I joined the navy in July 1941 and trained in San Diego before joining the fleet to sail to Pearl Harbor. I was assigned to the USS Enterprise for 22 months. We knew the Japanese would be attacking Pearl Harbor and were on our way there but the storms prevented our arriving before the attack. When we got there, we could see the ships burning in the harbor.
The Dinuba Sentinel published the following account on November 11, 1944:
“On that fateful morning of December 7, 1941, He (Albert Fred Blumer) was on one of the navy’s largest aircraft carriers, the U. S. S. Enterprise. His ship was due in Pearl Harbor that day but was delayed by storms at sea. This was not only fortunate for Blumer but his country as well because the Enterprise was an important factor in turning the tide of no less than ten major sea and air battles. He saw action as a gunner’s mate at Midway and fights in the Solomon’s. In the Battle of Santa Cruz, 83 Jap planes came over the Enterprise and dropped bombs. When bombs hit close the entire ship shook. The ship was hit several times during engagements with the enemy. When there was time, a little patching up would be done, and the ship kept on the job. One of the historic missions of the big flat top was accompanying the aircraft carrier, Hornet to within a few hundred miles of Tokyo to send Gen.

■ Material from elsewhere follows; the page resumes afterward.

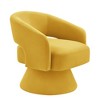 CAVINAS Velvet Fabric Swivel Accent Chair with Open Backrest,Modern Upholstered Swivel Living Room Chairs,Reading Chairs for Living Room - 4 of 4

Doolittle and his fliers over Tokyo in a daring raid. He was home for his first leave in 22 months in August 1943….”
Participating in nearly every major carrier engagement in the first year of the war, the Enterprise and her Air Group, exclusive of her far-flung destruction of hostile shore installations throughout the battle area, did sink of damage on her own, a total of 35 Japanese vessels and shoot down a total of 185 Japanese aircraft. Her aggressive fighting spirit and superb combat efficiency are fitting tribute to the officers and men who so gallantly established her as a solid bulwark in defense of the American Nation: Gilbert and Marshall Island raid, Feb. 1, 1942; Wake Island raid Feb. 24, 1942; Marcus Island raid, March 4, 1942; Battle of Midway, June 4-6, 1942; Occupation of Guadalcanal, August 7,8, 1942; Battle of Santa Cruz Islands, October 26, 1942; Battle of Solomon Islands November 14, 15, 1942.
Before coming home on thirty days’ leave, Blumer was made a gunner’s mate third class. After his leave he was transferred to San Pedro to train on a crash boat for three months. He was then sent to the Hawaiian Islands for several months. From there, he was transferred to the Marshall Islands, where he was stationed as a gunner’s mate second class in August 1944. His term of enlistment was up on his twenty-first birthday, August 6, 1944.